The Tabu_Genetic Algorithm: A Novel Method for Hyper-Parameter Optimization of Learning Algorithms

Machine learning algorithms have been widely used to deal with a variety of practical problems such as computer vision and speech processing. But the performance of machine learning algorithms is primarily affected by their hyper-parameters, as without good hyper-parameter values the performance of these algorithms will be very poor. Unfortunately, for complex machine learning models like deep neural networks, it is very difficult to determine their hyper-parameters. Therefore, it is of great significance to develop an efficient algorithm for hyper-parameter automatic optimization. In this paper, a novel hyper-parameter optimization methodology is presented to combine the advantages of a Genetic Algorithm and Tabu Search to achieve the efficient search for hyper-parameters of learning algorithms. This method is defined as the Tabu_Genetic Algorithm. In order to verify the performance of the proposed algorithm, two sets of contrast experiments are conducted.

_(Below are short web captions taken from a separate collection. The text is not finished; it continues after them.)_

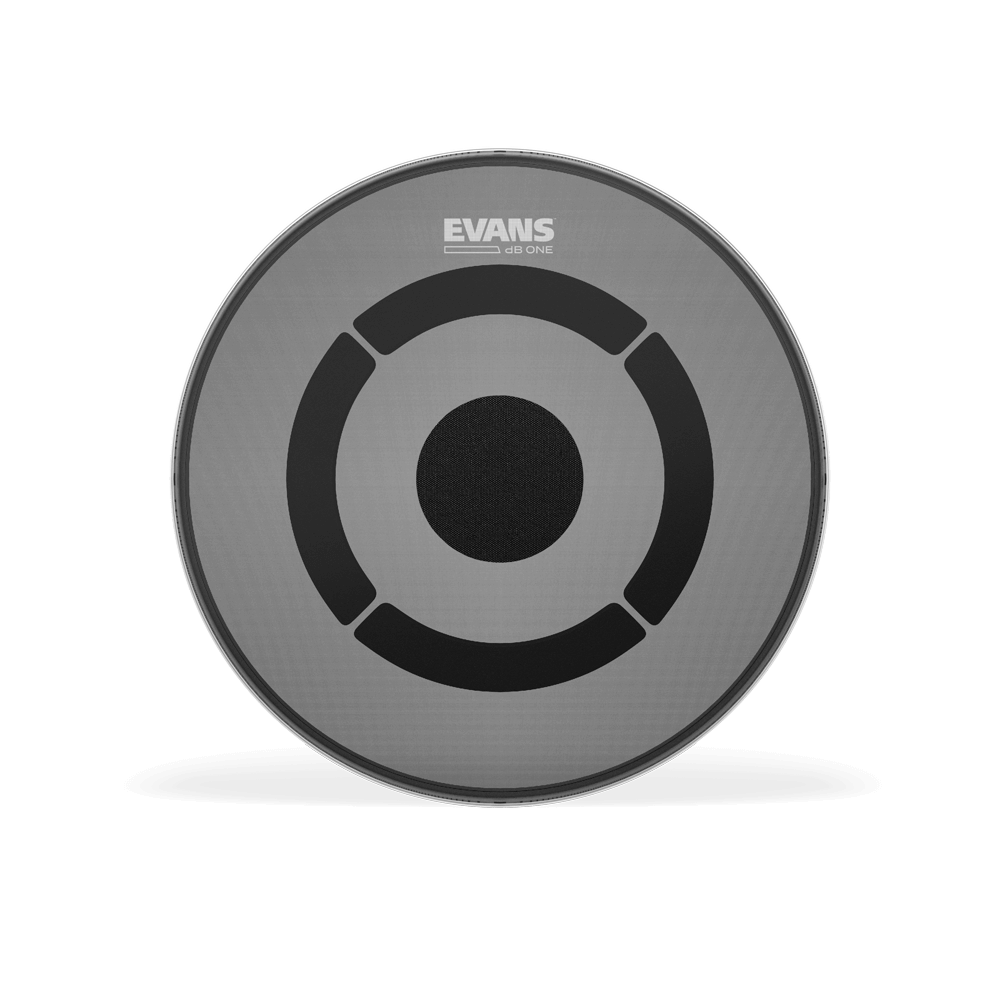 EVANS DB ONE LOW VOLUME DRUMHEAD, 16 INCH - Joondalup Music Centre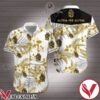 Alpha Phi Alpha Yellow Tropical Floral White Hawaiian Shirt, Unique Gifts For Friends - Vesles2014S 1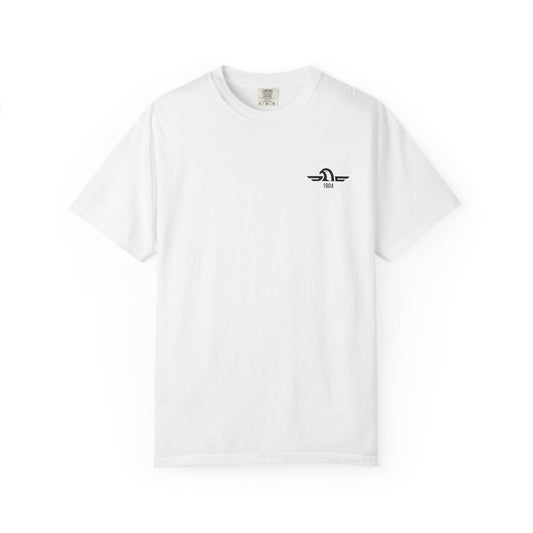 Origins 1904 Unisex Minimal Tee with Eagle Detail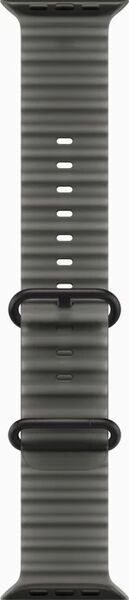 Apple Watch Ultra 4 (2026) | GPS + Cellular | čierna | Remienok Ocean | Polopriehľadná čierna, image 3 of 3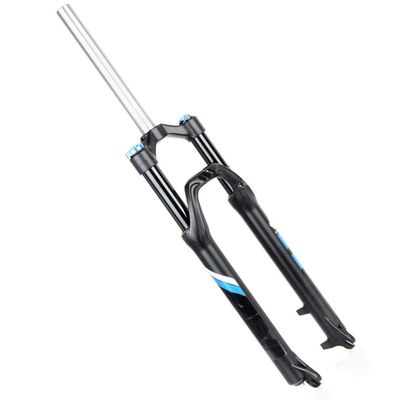 LvTu Magnesium Alloy Suspension Fork 26/27.5 inch, 1-1/8 Straight Downhill Air Fork for Mountain Bike (Size : 27.5 inches)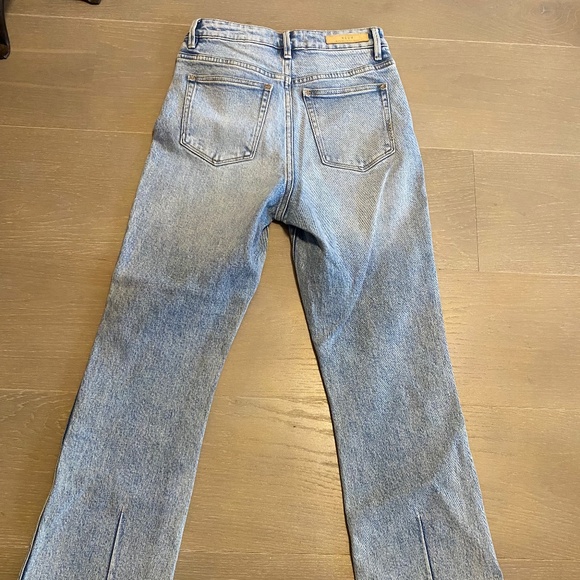 NEUW faded jeans, straight cut. Size 26 - Picture 3 of 8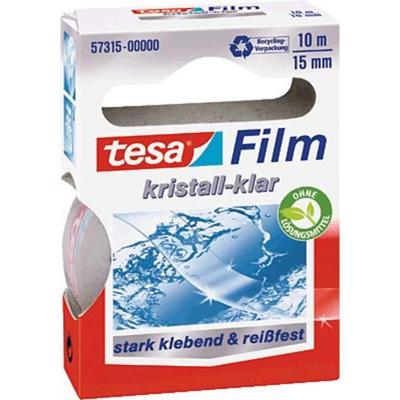 tesa 57315-00000-02 tesafilm Kristalhelder Transparant (l x b) 10 m x 15 mm 1 stuk(s) tesa 57315-00000-02 tesafilm Kristalhelder Transparant (l x b) 10 m x 15 mm 1 stuk(s)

The Tabu_Genetic Algorithm and other four methods are simultaneously used to search for good values of hyper-parameters of deep convolutional neural networks. Experimental results show that, compared to Random Search and Bayesian optimization methods, the proposed Tabu_Genetic Algorithm finds a better model in less time. Whether in a low-dimensional or high-dimensional space, the Tabu_Genetic Algorithm has better search capabilities as an effective method for finding the hyper-parameters of learning algorithms. The presented method in this paper provides a new solution for solving the hyper-parameters optimization problem of complex machine learning models, which will provide machine learning algorithms with better performance when solving practical problems.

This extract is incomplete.